Home > Market + Management > Post Holdings: Reports FY 2020 First Quarter Results

Post Holdings: Reports FY 2020 First Quarter Results

St. Louis / MO. (pfh) Post Holdings Inc., a consumer packaged goods holding company, reported results for the first fiscal quarter ended December 31, 2019. Highlights:

  • Net sales of USD 1.5 billion
  • Operating profit of USD 196.0 million; net earnings of USD 99.2 million and Adjusted Ebitda of USD 303.1 million
  • Reaffirmed fiscal year 2020 Adjusted Ebitda (non-GAAP) guidance range of USD 1.22-USD 1.27 billion, including the results of BellRing Brands

Basis of Presentation

On October 21, 2019, the initial public offering (the «IPO») of a minority interest in the BellRing Brands business, Post’s historical active nutrition business, was completed. Post fully consolidates the results of BellRing Brands Inc. («BellRing») and its subsidiaries within Post’s financial statements and effective October 21, 2019 allocates 28.8 percent of its consolidated net earnings/loss and net assets to noncontrolling interest within Post’s financial statements.

First Quarter Consolidated Operating Results

Net sales were USD 1,456.8 million, an increase of 3.2 percent, or USD 45.5 million, compared to the prior year period net sales of USD 1,411.3 million. Gross profit was USD 471.5 million, or 32.4 percent of net sales, an increase of USD 45.0 million compared to the prior year period gross profit of USD 426.5 million, or 30.2 percent of net sales.

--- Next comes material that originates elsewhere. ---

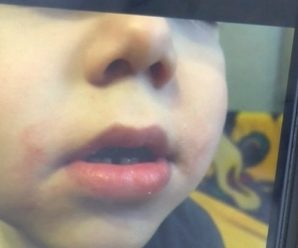 Мати, яка заявила, що її дитині у дитсадку заклеювали рот скотчем, відмовилася давати свідчення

Selling, general and administrative («SG+A») expenses were USD 235.3 million, or 16.2 percent of net sales, an increase of USD 18.2 million compared to the prior year period SG+A expenses of USD 217.1 million, or 15.4 percent of net sales. Operating profit was USD 196.0 million, a decrease of 33.3 percent, or USD 97.9 million, compared to the prior year period operating profit of USD 293.9 million. Operating profit in the first quarter of 2019 included a USD 124.7 million gain related to the separate capitalization of 8th Avenue Food + Provisions Inc. («8th Avenue»), which was treated as an adjustment for non-GAAP measures.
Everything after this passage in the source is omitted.